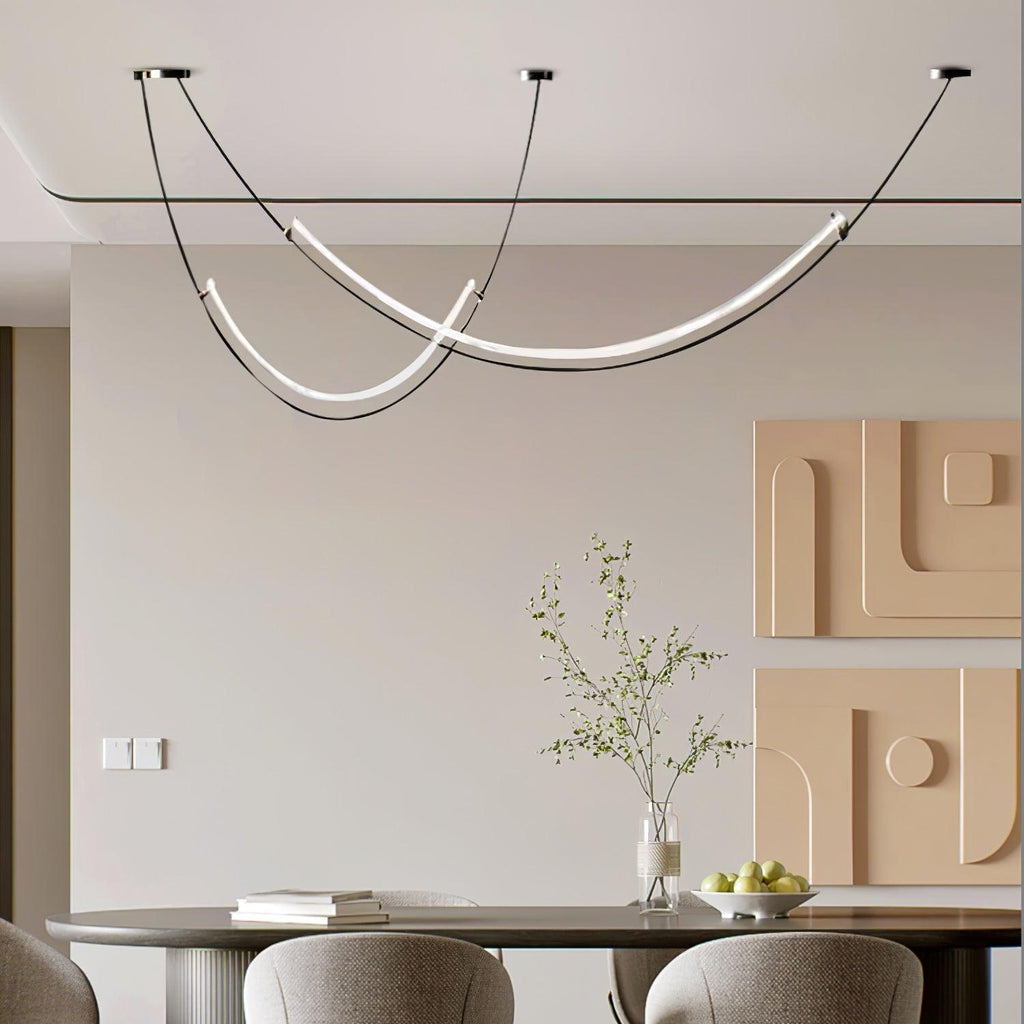 Zephira Curved LED Pendant Light | ventumra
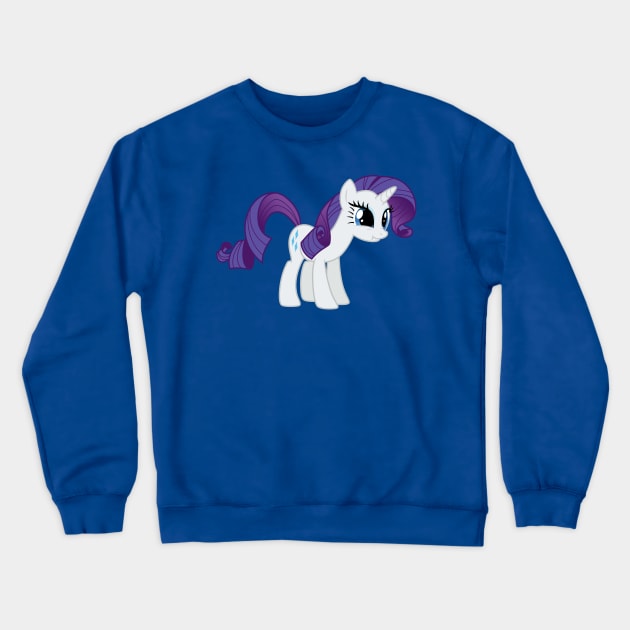 Srunchy face Rarity Crewneck Sweatshirt by CloudyGlow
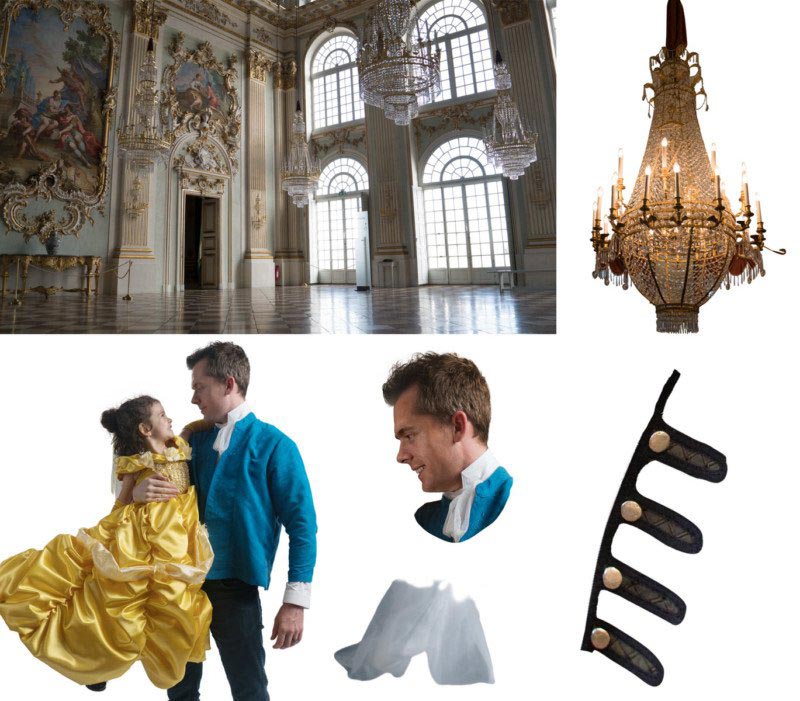 Джон Росси, John Rossi, фотосессия для дочери Красавица и Чудовище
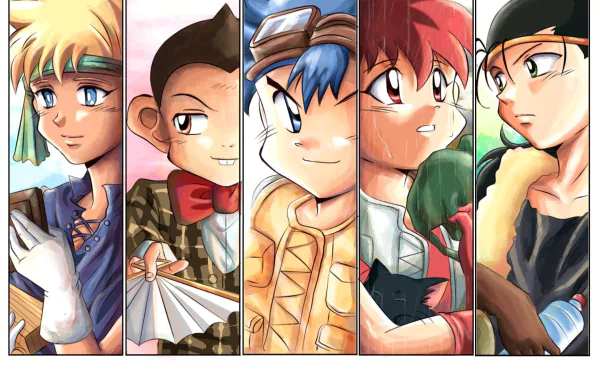 HD desktop wallpaper and background featuring characters from the anime Bakusō Kyōdai Let's & Go!!, showcasing a vibrant and colorful design.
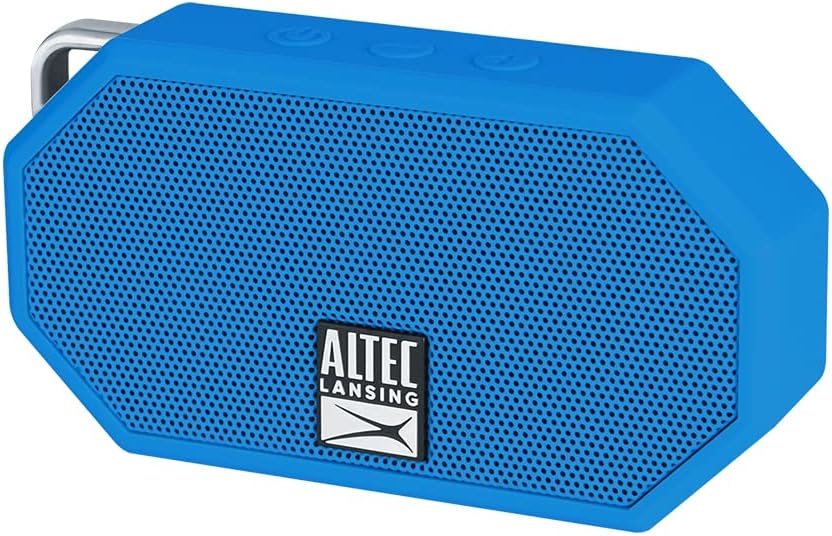 Altec Lansing Mini H2O 3 Rugged Bluetooth Speaker IMW258N (Blue)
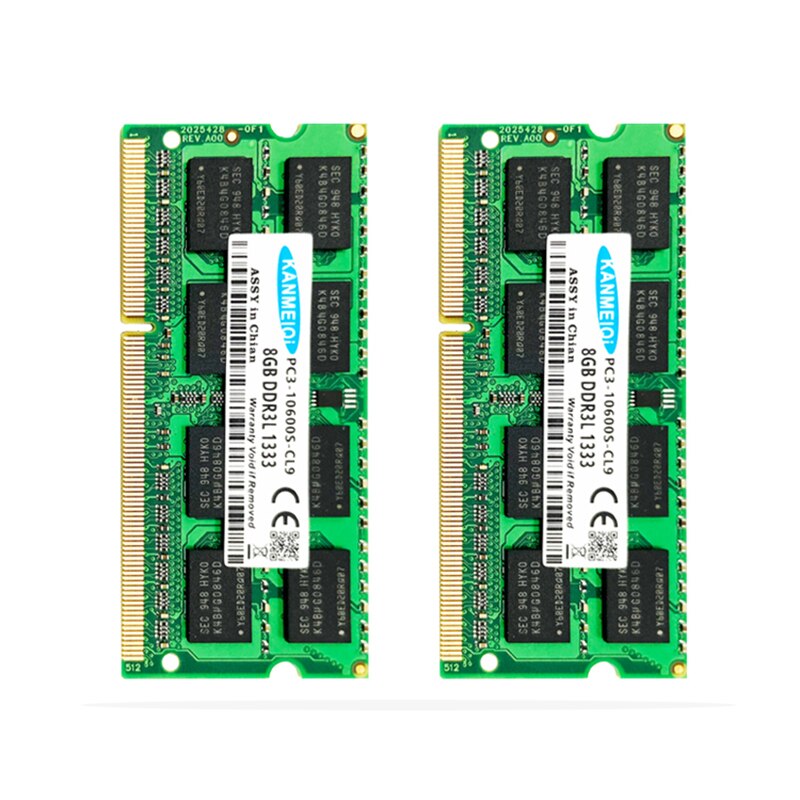 Kanmeiqiddr 3 ddr 4 8gb 4gb 16gb laptop ram 1333 1600 2133 2400 2666 mhz ddr 3l 204 stift sodimm notebook minne laptop 1.35v 1.2v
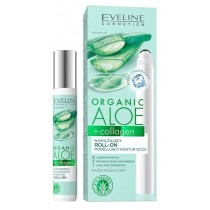 Eveline Organic Aloe + Collagen nawilajcy roll-on modelujcy kontur oczu do kadego rodzaju cery 15ml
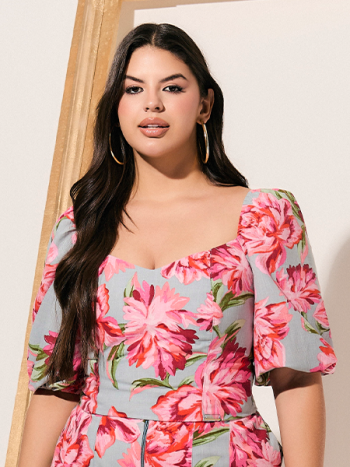 CROPPCURVE FLOWER MANGAS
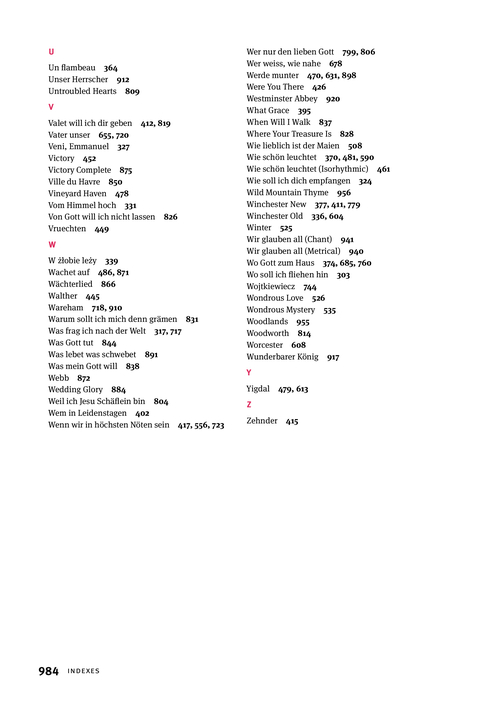 Christian Worship: Hymnal page 1044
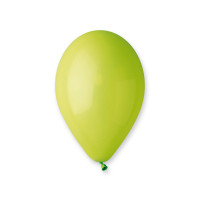 Sachet de 50 Ballons Standard Vert Anis Diam 13cm Cir 41Cm -11 123DEG-8021886051100-10001765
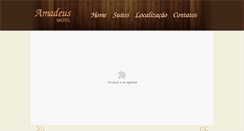 Desktop Screenshot of motelamadeus.com.br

□ □ □ □

■ **How to complete this task**:
An exact copy of the listing above is to be set down, with no pictures in it.

■ **Solution for this problem**:
 Zephira Curved LED Pendant Light | ventumra
 Srunchy face Rarity Crewneck Sweatshirt by CloudyGlow
 Джон Росси, John Rossi, фотосессия для дочери Красавица и Чудовище
 HD desktop wallpaper and background featuring characters from the anime Bakusō Kyōdai Let's & Go!!, showcasing a vibrant and colorful design.
 Altec Lansing Mini H2O 3 Rugged Bluetooth Speaker IMW258N (Blue)
 Kanmeiqiddr 3 ddr 4 8gb 4gb 16gb laptop ram 1333 1600 2133 2400 2666 mhz ddr 3l 204 stift sodimm notebook minne laptop 1.35v 1.2v
 Eveline Organic Aloe + Collagen nawilajcy roll-on modelujcy kontur oczu do kadego rodzaju cery 15ml
 CROPPCURVE FLOWER MANGAS
 Christian Worship: Hymnal page 1044
 Sachet de 50 Ballons Standard Vert Anis Diam 13cm Cir 41Cm -11 123DEG-8021886051100-10001765
 Desktop Screenshot of motelamadeus.com.br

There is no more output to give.